● Your instructions
Go to the line holding "Yoga Ball for" in the entries below and write out exactly every line down to and including the line holding "Bird Harness Adjustable".

● Entries supplied
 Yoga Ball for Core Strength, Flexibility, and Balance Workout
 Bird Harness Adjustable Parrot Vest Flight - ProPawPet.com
--
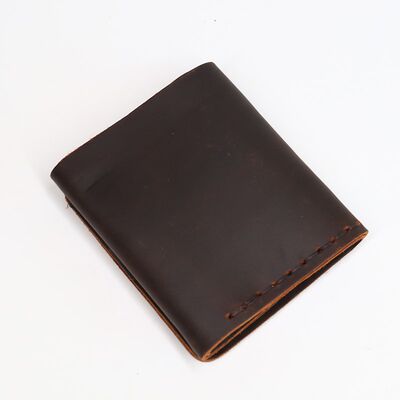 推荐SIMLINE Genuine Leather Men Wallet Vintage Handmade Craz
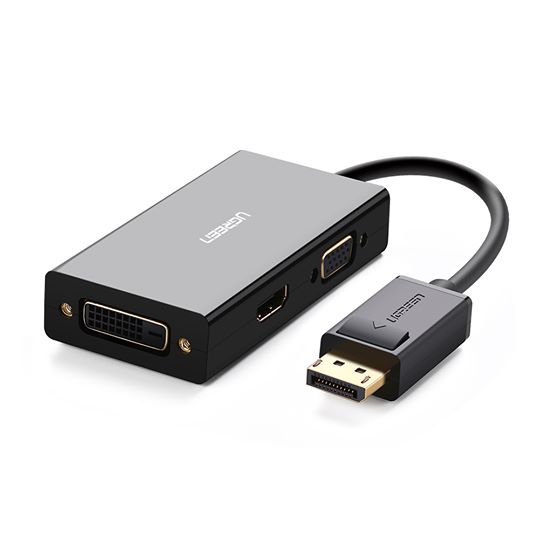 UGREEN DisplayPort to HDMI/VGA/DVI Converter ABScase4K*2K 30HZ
==
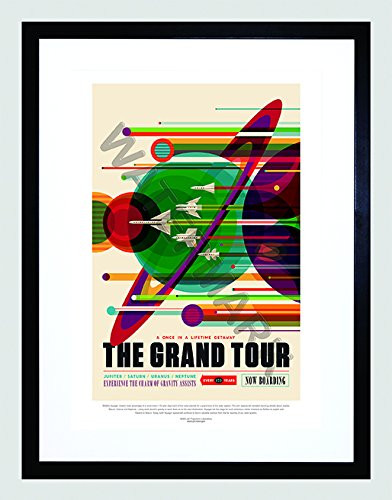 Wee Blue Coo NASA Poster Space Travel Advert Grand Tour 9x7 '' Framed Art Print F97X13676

● Task output
 Yoga Ball for Core Strength, Flexibility, and Balance Workout
 Bird Harness Adjustable Parrot Vest Flight - ProPawPet.com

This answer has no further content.